10/21/22
Newletter134
The Crack of Dawn
At the beginning of my film, Alien Apocalypse (2005), a spaceship lands and four American astronauts come out, two women and two men. One is Bruce Campbell, another is Renee O’Connor, and the other two actors were cast in Bulgaria. I cast an American actor living in Bulgaria named Michael Corey Davis as Captain Chuck Something-or-other. Corey is a tall, handsome, black fellow with his hair in dreads. From the second he sat down in my office and we started to talk, he had the part. I hesitantly asked, “Would you cut off your dreads for the part?” Corey stated flatly, “No.” I thought about it for a second, then said, “In the future astronauts can have dreads.” The part of the captain was only for a few days because the character gets killed early in the story. At lunch Michael was comically bitching, “Of course the black guy gets killed ten minutes into the story.” I said, “I didn’t write it for a black person. No matter what their heritage is, they’re still going to die ten minutes into the movie.” But Corey was on a roll. “Of course it wasn’t written for a black person, the character’s name is Chuck. No black people are named Chuck.” The producer, Bob Perkis, looked up and said, “What about Chuck Berry?”

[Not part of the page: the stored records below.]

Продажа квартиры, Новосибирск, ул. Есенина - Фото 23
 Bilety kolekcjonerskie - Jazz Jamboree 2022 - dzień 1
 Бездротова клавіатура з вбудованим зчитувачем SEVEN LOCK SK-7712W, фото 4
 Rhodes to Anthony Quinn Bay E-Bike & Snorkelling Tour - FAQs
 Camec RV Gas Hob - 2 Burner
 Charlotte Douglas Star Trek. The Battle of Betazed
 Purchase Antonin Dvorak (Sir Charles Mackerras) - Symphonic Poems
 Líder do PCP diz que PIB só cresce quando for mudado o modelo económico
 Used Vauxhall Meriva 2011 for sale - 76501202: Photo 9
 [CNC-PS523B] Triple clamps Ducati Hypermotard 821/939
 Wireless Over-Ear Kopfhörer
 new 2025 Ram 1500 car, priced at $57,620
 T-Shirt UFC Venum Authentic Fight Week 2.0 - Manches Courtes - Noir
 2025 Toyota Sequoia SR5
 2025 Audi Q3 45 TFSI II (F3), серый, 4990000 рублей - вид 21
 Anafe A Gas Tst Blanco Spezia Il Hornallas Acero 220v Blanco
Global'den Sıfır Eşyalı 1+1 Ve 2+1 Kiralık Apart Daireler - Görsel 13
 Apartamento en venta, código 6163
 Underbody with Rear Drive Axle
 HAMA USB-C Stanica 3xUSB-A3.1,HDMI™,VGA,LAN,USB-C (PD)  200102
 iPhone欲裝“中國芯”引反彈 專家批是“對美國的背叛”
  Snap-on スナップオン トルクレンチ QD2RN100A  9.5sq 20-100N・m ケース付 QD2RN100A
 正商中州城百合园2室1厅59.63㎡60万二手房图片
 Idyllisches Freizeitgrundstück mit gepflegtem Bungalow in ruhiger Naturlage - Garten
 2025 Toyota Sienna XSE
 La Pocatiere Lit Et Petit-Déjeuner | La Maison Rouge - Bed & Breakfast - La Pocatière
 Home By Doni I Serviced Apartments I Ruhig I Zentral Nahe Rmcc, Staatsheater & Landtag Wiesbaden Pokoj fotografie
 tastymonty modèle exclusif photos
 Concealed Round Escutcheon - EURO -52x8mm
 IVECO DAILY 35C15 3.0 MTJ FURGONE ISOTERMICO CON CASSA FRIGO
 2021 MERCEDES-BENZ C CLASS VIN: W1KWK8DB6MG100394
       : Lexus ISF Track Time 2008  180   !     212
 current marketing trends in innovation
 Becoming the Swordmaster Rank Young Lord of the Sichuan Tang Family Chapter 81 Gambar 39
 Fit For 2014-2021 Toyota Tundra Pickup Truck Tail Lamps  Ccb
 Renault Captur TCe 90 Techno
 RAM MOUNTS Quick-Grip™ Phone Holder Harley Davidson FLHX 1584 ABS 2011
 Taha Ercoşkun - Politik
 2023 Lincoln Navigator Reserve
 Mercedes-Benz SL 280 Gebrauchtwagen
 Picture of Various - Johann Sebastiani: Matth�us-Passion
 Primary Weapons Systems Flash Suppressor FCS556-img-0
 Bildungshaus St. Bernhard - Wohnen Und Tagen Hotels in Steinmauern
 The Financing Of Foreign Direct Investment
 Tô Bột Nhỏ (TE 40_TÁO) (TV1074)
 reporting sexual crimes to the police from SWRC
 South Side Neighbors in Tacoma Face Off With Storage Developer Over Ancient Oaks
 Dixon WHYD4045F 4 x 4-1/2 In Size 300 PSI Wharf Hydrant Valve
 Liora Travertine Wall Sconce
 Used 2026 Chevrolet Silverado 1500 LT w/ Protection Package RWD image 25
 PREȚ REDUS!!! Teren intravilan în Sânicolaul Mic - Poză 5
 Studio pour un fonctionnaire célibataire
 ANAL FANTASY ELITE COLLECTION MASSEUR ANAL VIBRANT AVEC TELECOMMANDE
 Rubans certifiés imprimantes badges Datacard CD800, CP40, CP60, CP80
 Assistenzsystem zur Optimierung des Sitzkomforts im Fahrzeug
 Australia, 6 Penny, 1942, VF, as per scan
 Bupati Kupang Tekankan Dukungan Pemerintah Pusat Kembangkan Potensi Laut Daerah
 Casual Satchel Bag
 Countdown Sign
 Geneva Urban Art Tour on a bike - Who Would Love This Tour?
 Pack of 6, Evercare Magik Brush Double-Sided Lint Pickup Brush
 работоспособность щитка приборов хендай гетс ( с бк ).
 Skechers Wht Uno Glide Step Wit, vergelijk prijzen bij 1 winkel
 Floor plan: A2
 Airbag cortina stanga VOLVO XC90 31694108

The fourth astronaut was played by an exceptionally serious Bulgarian actress named Neda Sokolovska. Neda was well-known in Bulgaria as a clown and a mime, which was difficult to believe because she was so damn serious. In one scene she is supposed to freak out and panic, and since Bruce is the mission’s doctor, he punches her in the arm to calm her down. We did one take and Neda said to Bruce, “I couldn’t feel it. Hit me harder.” I glanced at Bruce and could see that she had struck the wrong chord in his head. I said, “Bruce, would you please hit her harder in the next take.” Well, nobody is getting away with insinuating that Bruce isn’t giving it 100%, because he is. Everybody in the cast and crew couldn’t wait to see what happened next. I said action, Neda began to freak out and panic as she was supposed to, then Bruce hauled off slugged her hard. Apparently, that was just what she was hoping for, and she gave a very good performance. I had my take. By the end of the day Neda’s entire shoulder was black and blue.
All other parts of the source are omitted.